Soon after, the majority of the flats came down. The local gardaí will tell you that helped as up to then, gangs would see them enter the towers, could run through the landing and into flats and hide, making drug dealing relatively safe. But it’s far easier to tear down walls compared to perceptions and this isn’t solely a happy story, it’s far more complex than that.
Sure, the club continued to prosper, not so much because of the pitch, but because of the people and they were Dublin U21 champions in 2007 and 2008. Last year they even won the Féile Peil na nÓg with a team Christie believes to be far more talented than the one that fuelled the current senior side. Yet still the abuse follows them.
“Most clubs are grand once they beat you,” he says. “But when we win, some clubs think they are better than us and get so nasty.”
“We can’t get carried away either,” notes Andrews. “Tearing down a lot of the flats has helped but is it really social engineering? Does it really address the social imbalance and wealth imbalance? It doesn’t. The chances of doing well in college coming from Ballymun? There are no expectations. Okay, as a club we are important but we had an U16 team one time and it’s become a who’s who of those locked up. We tried our best.
“There are fundamentally good people here but if you’ve one footballer who hangs around with six guys who smoke dope, will he convert them? No. But what the club does do is show people from different backgrounds that we are all the same. It can show them there is no reason why they shouldn’t have expectations and succeed. That’s a success even if we don’t win another game for 30 years.”
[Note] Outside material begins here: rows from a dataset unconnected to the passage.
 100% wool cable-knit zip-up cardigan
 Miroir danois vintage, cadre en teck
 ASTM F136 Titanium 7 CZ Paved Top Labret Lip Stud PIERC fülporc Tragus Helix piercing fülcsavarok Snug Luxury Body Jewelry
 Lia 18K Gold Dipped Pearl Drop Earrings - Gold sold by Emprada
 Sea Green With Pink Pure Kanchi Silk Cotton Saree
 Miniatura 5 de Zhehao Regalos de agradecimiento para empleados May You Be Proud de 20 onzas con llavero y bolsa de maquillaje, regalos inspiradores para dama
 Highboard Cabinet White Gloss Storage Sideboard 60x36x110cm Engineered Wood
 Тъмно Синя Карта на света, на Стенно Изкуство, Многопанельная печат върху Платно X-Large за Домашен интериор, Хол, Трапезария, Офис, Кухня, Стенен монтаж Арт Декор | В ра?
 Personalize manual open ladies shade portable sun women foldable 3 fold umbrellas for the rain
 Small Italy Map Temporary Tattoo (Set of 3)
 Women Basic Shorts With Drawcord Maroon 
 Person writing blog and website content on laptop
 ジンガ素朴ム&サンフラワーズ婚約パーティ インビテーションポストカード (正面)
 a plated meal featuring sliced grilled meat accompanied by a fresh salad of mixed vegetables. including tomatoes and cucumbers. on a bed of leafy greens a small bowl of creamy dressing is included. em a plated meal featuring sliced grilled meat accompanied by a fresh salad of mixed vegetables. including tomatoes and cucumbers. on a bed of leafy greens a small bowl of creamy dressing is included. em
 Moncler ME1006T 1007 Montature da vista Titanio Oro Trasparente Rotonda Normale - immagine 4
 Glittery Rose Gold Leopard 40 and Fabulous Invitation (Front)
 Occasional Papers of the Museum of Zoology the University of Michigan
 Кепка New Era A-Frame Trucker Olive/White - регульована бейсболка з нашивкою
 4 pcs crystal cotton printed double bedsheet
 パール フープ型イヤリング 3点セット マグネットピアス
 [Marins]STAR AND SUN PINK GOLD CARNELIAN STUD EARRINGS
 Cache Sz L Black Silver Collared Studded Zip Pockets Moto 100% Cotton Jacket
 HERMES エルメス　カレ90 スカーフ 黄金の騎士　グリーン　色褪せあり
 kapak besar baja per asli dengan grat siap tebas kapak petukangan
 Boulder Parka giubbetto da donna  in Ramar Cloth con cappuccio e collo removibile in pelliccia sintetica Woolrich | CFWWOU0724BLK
And that’s why their Dublin title and tomorrow’s Leinster campaign means more than any trophy. Recently Andrews heard some kids saying, “Yeah, Ballymun, we are the best in Dublin.”
It’s the same in Christie’s primary school where a couple of kids in the yard are kicking ball and talking about getting a bus to the far away land of Mullingar tomorrow. It’s more than a game here, you suggest to Curran, who only took charge of the senior team in January 2011. “Absolutely, so many of these players would have been growing up in Ballymun as 10-years-olds when things weren’t as calm as they are now. It’s a huge achievement to get these fellas to where they are. I’d like to think it’ll do the same for the next generation too and the success this year might help as it’s made people proud of Ballymun and given them a spring in their step for a while anyway.”
Suddenly they are reaching for the sky in a way the towers never did.